Decidirse a empezar...

Cuando se habla de aprender música, siempre están esos prejuicios como "yo no sirvo", "no tengo buen oído", "yo no puedo ni tocar el timbre!", "yo no tengo ese talento...". Prejuicios falsos que nos alejan de lo más cercano al hombre: el quehacer musical.

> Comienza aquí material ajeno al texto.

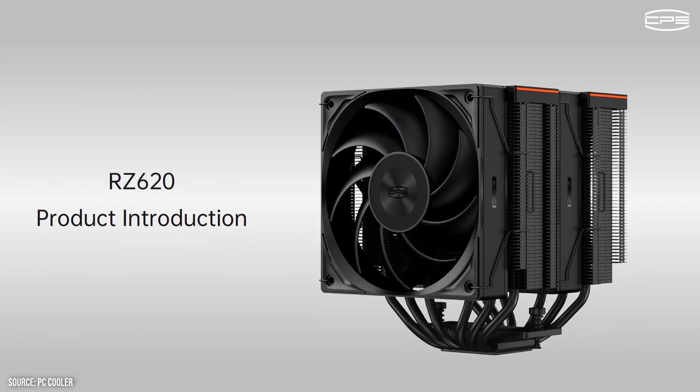Hey guys, today we're starting a new series focused on CPU cooler reviews. This series will cover different setups from lower end requirements to higher end, and we have standardized our build to keep results as true to life and consistent as possible. We will start our adventure with an air cooler from PC Cooler, the CPSRZ620.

En primer lugar, hay que partir de una realidad: todo ser humano, queriendo o no, hace música. Ya sea tarareando una canción, o golpeteando un ritmo contra la mesa, todos tenemos una musicalidad innata por el solo hecho de conocer y escuchar nuestra música favorita. Al igual que todos sabemos lo que es un cuento porque los venimos escuchando desde pequeños, sabemos distinguir cuándo nos hablan en otro idioma porque vimos infinidad de películas extranjeras, podemos darnos cuenta de la pulsación exacta del segundero de un reloj, la aceleración de nuestro corazón al correr, qué ruido es fuerte y qué ruido es suave, o imitamos el toque de la batería de nuestro tema favorito.
En lo cotidiano manejamos, sin darnos cuenta, montones de elementos musicales, lo cual deshecha por completo los prejuicios de "no servir", o de "no tener oído".

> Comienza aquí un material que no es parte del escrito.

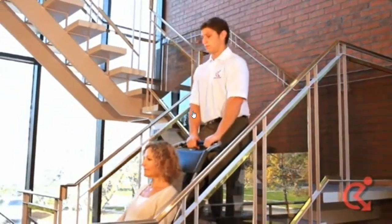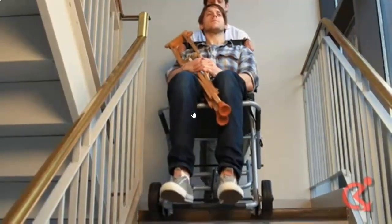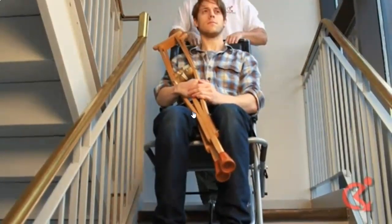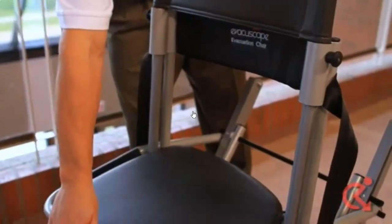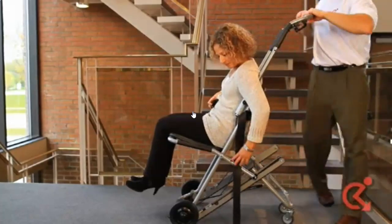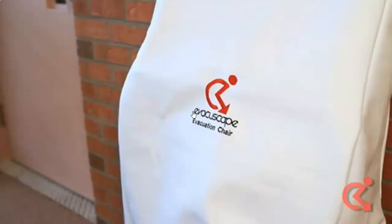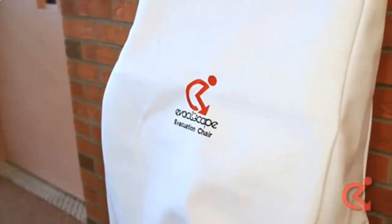The Evacuscape chair weighs 12 kilograms and can support up to 165 kilograms or 363 pounds. It is equipped with a padded seat and backrest for comfort as well as safety straps. It comes with a wall bracket and protective cover for storage. The Evacuscape chair is designed and manufactured in the UK.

Muchas personas, por otra parte, piensan que hay que nacer con un talento musical evidente. Es cierto, muchos nacen con este talento tan obvio, que no cabe duda de que la música es para ellos. Pero también hay otra realidad: muchas personas, hasta me animaría a decir la mayoría, posee este talento tan escondido, que pasan muchísimos años de su vida sin darse cuenta que lo tienen.
Aprender música no sólo significa ir de la mano de nuestro propio talento porque desde niños supimos que nacimos con ese don. También significa animarse a descubrirlo cuando no es tan evidente, desenterrarlo de nuestra propia alma y hacerlo brillar.
Esto es lo más importante, y el objetivo primordial de las clases de música: descubrir nuestra propia musicalidad.